A A+ A++

Zakład Ubezpieczeń Społecznych coraz lepiej radzi sobie ze sprawdzaniem osób na zwolnieniach lekarskich. W trzecim kwartale 2022 r. skontrolował ich co prawda mniej, za to kontrole były skuteczniejsze.

W tym czasie ZUS przeprowadził 109,1 tys. kontroli osób z tzw. zaświadczeniami o czasowej niezdolności do pracy. To mniej niż w drugim kwartale tego roku – wtedy było ich 109,3 tys.

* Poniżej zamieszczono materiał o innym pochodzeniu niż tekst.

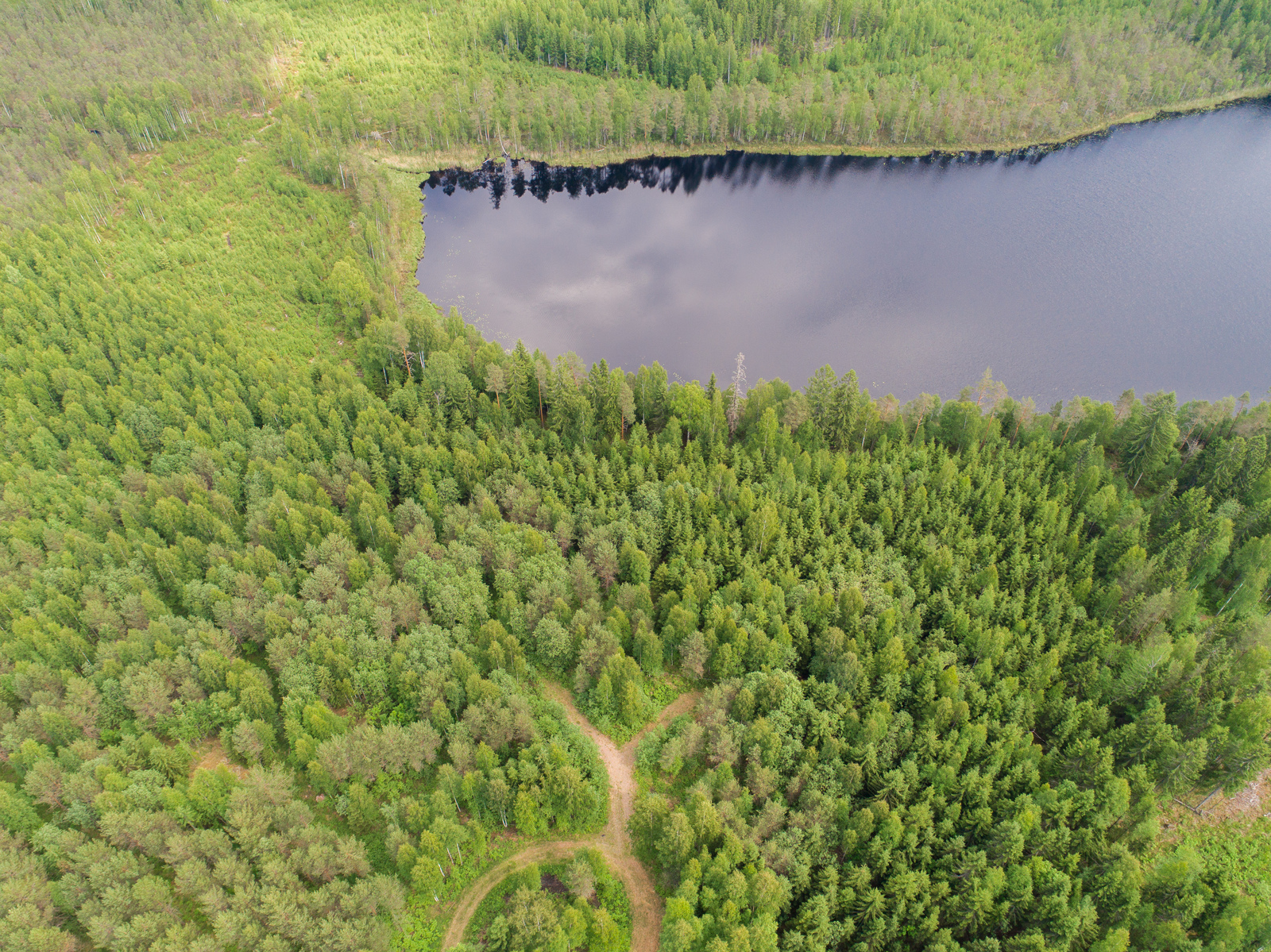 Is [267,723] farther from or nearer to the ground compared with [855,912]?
farther from the ground

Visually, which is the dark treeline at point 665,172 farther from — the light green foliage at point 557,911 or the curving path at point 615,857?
the light green foliage at point 557,911

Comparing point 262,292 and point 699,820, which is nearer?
point 699,820

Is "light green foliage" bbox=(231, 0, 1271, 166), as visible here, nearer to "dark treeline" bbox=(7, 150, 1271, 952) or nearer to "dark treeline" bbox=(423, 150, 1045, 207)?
"dark treeline" bbox=(423, 150, 1045, 207)

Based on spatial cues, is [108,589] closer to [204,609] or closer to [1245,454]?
[204,609]

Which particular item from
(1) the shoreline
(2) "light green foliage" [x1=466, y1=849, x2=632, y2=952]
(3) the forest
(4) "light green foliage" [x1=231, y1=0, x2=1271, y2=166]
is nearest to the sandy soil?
(3) the forest

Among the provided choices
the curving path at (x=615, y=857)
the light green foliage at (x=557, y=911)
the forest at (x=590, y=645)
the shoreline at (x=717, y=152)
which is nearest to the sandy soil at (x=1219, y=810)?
the forest at (x=590, y=645)

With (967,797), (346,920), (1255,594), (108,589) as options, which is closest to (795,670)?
(967,797) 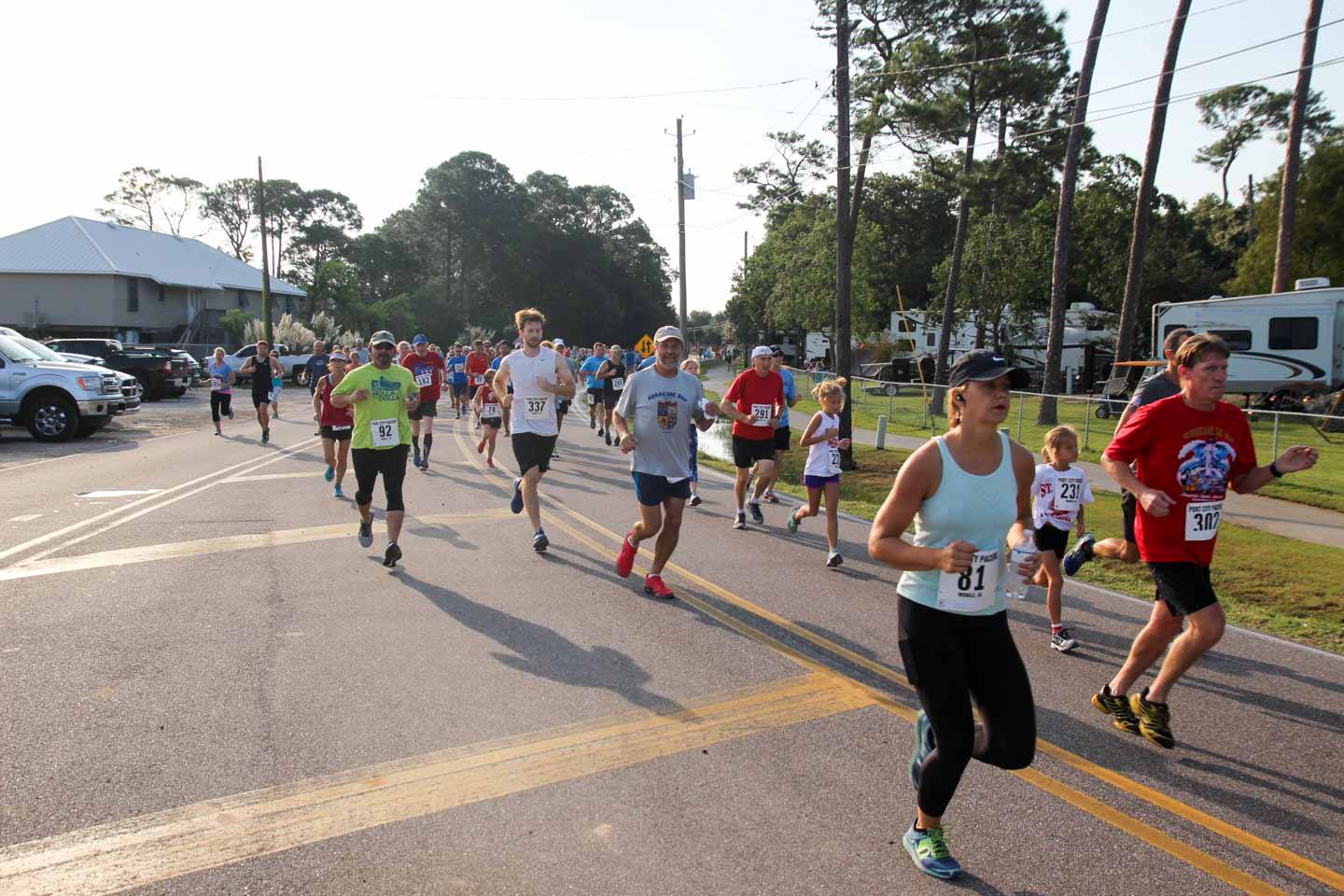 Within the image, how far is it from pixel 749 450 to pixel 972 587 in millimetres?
7000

Tyle że choć kontroli było mniej, to okazały się skuteczniejsze.

Jak podaje “Rzeczpospolita”, wydano 6 tysięcy decyzji wstrzymujących dalszą wypłatę zasiłków chorobowych, podczas gdy w drugim kwartale było ich 5,6 tys.

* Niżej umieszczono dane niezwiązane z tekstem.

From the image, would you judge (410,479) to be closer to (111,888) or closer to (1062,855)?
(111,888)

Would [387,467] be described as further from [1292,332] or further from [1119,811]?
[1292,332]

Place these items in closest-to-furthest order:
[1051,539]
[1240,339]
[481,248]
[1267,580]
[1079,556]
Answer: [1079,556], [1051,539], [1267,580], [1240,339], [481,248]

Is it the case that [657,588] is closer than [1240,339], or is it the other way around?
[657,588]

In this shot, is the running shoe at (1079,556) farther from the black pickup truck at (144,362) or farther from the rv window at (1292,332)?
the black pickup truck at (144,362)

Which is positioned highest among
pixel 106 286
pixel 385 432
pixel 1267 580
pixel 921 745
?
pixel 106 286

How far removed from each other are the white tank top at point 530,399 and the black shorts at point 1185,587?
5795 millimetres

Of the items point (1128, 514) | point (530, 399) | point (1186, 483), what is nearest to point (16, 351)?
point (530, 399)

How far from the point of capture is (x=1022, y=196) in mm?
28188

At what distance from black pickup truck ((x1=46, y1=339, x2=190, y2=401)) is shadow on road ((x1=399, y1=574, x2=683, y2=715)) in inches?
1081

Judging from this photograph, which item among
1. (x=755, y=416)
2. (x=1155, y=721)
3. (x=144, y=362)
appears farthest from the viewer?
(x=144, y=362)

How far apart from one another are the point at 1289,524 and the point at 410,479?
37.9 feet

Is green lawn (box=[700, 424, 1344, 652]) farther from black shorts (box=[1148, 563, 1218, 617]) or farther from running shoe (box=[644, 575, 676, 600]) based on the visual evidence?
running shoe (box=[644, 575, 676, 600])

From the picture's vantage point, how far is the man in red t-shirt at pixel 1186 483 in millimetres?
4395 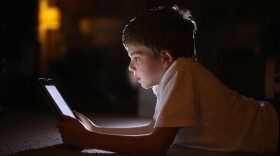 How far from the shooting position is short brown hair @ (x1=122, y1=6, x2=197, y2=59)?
3.16ft

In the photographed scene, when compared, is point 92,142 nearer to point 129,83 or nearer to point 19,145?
point 19,145

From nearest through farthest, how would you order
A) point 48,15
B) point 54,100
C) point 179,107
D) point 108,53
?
point 179,107
point 54,100
point 48,15
point 108,53

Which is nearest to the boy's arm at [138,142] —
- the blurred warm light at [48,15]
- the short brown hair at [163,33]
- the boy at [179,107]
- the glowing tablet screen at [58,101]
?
the boy at [179,107]

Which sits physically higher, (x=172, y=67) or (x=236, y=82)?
(x=172, y=67)

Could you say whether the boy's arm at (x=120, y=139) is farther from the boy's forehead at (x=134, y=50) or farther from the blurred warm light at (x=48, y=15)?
the blurred warm light at (x=48, y=15)

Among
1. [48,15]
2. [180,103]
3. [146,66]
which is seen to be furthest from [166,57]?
[48,15]

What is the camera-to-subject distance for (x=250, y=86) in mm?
2977

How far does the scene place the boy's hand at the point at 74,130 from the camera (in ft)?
3.03

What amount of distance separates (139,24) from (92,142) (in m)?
0.32

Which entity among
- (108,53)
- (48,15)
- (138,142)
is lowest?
(108,53)

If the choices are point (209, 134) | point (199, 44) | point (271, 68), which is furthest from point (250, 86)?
point (209, 134)

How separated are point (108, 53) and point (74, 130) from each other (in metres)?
7.86

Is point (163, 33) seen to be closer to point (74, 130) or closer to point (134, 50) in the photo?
point (134, 50)

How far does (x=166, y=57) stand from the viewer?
3.22 ft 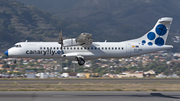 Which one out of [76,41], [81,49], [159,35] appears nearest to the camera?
[76,41]

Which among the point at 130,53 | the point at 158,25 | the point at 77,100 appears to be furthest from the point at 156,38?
the point at 77,100

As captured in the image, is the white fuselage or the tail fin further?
the tail fin

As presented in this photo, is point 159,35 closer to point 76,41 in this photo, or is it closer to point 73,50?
point 76,41

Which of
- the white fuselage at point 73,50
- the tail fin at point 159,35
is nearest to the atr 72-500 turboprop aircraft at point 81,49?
the white fuselage at point 73,50

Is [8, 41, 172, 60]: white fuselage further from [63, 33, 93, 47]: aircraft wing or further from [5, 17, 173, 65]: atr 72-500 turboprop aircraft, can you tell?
[63, 33, 93, 47]: aircraft wing

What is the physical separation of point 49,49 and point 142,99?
18.5m

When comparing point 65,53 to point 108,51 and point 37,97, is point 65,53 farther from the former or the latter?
point 37,97

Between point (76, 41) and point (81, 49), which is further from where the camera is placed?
point (81, 49)

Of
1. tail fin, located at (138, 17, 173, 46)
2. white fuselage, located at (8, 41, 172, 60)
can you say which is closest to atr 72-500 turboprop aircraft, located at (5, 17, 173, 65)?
white fuselage, located at (8, 41, 172, 60)

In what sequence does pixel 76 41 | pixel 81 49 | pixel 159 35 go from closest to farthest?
1. pixel 76 41
2. pixel 81 49
3. pixel 159 35

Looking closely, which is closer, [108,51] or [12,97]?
[12,97]

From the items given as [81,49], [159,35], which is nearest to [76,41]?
[81,49]

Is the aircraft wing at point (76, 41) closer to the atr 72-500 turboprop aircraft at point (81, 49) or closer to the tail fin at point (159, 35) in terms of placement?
the atr 72-500 turboprop aircraft at point (81, 49)

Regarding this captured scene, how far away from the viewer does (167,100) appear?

Skuteczniejszą kontrolę L4 ZUS zawdzięcza – jak przekonuje Paweł Żebrowski, rzecznik ZUS – wprowadzeniu elektronicznych zwolnień lekarskich. Dzięki temu… – Kontrole są kierowane przede wszystkim tam, gdzie ryzyko nadużyć jest największe. Chodzi np. o osoby bardzo często biorące zwolnienia od różnych lekarzy – powiedział “Rzeczpospolitej”.

Zwolnienia do kontroli są typowane losowo.

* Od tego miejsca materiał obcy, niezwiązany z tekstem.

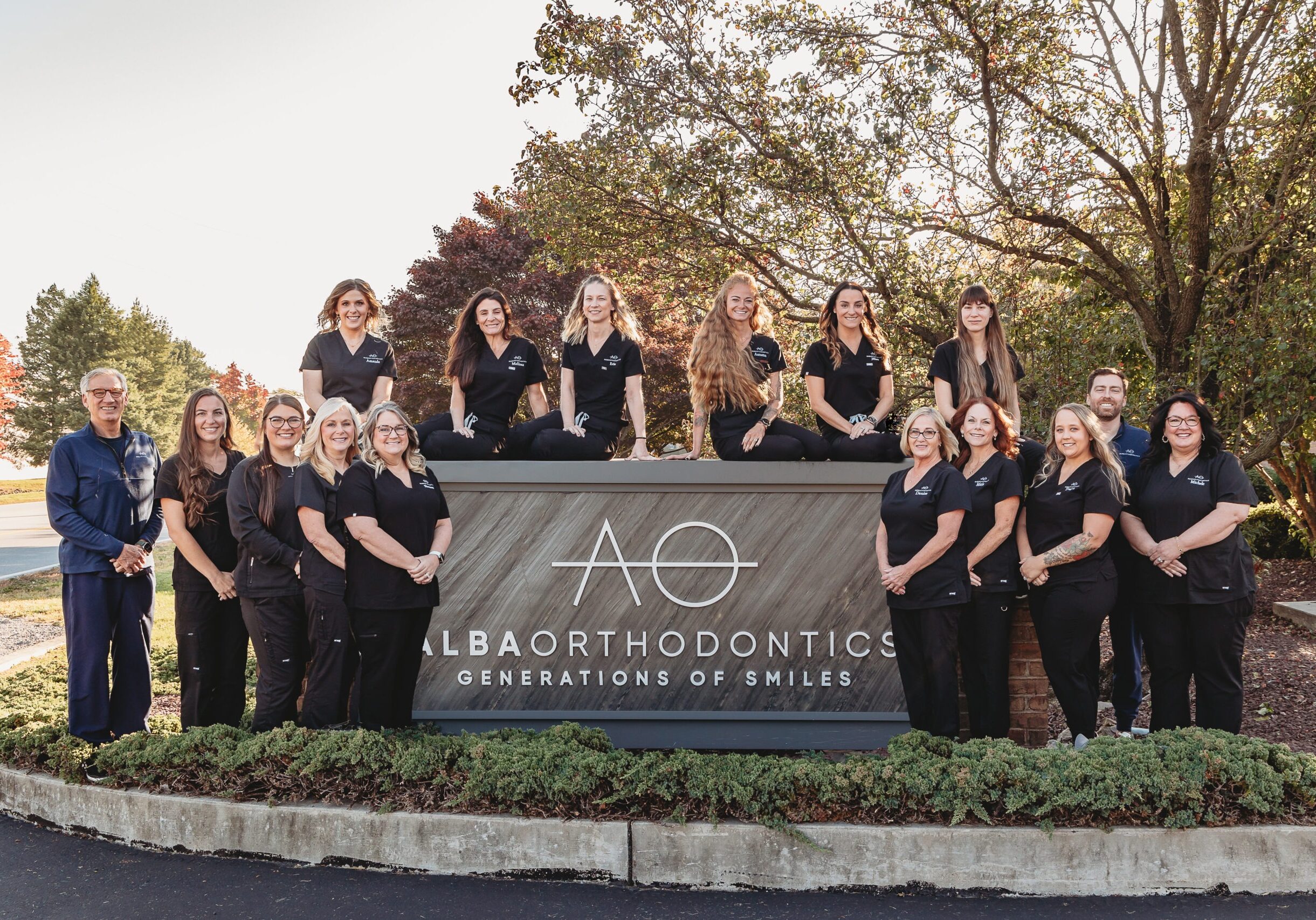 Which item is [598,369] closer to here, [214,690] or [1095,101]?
[214,690]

Po kontroli nie każdy ma kłopoty w pracy

Prawidłowość wykorzystywania L4 – przypomnijmy – mogą również sprawdzać płatnicy. I wiele firm z takiej możliwości korzysta.

Jak taka kontrola wygląda w praktyce?

Jedziemy do miejsca zamieszkania osoby, które zostało wskazane na druku zwolnienia lekarskiego. Jeżeli ją tam zastaniemy i jednocześnie nie podejmuje ona zaskakujących czynności, niezgodnych z celem L4, to na tym nasza rola się kończy – relacjonuje Mikołaj Zając, prezes Conperio, firmy doradczej zajmującej się problematyką absencji chorobowych.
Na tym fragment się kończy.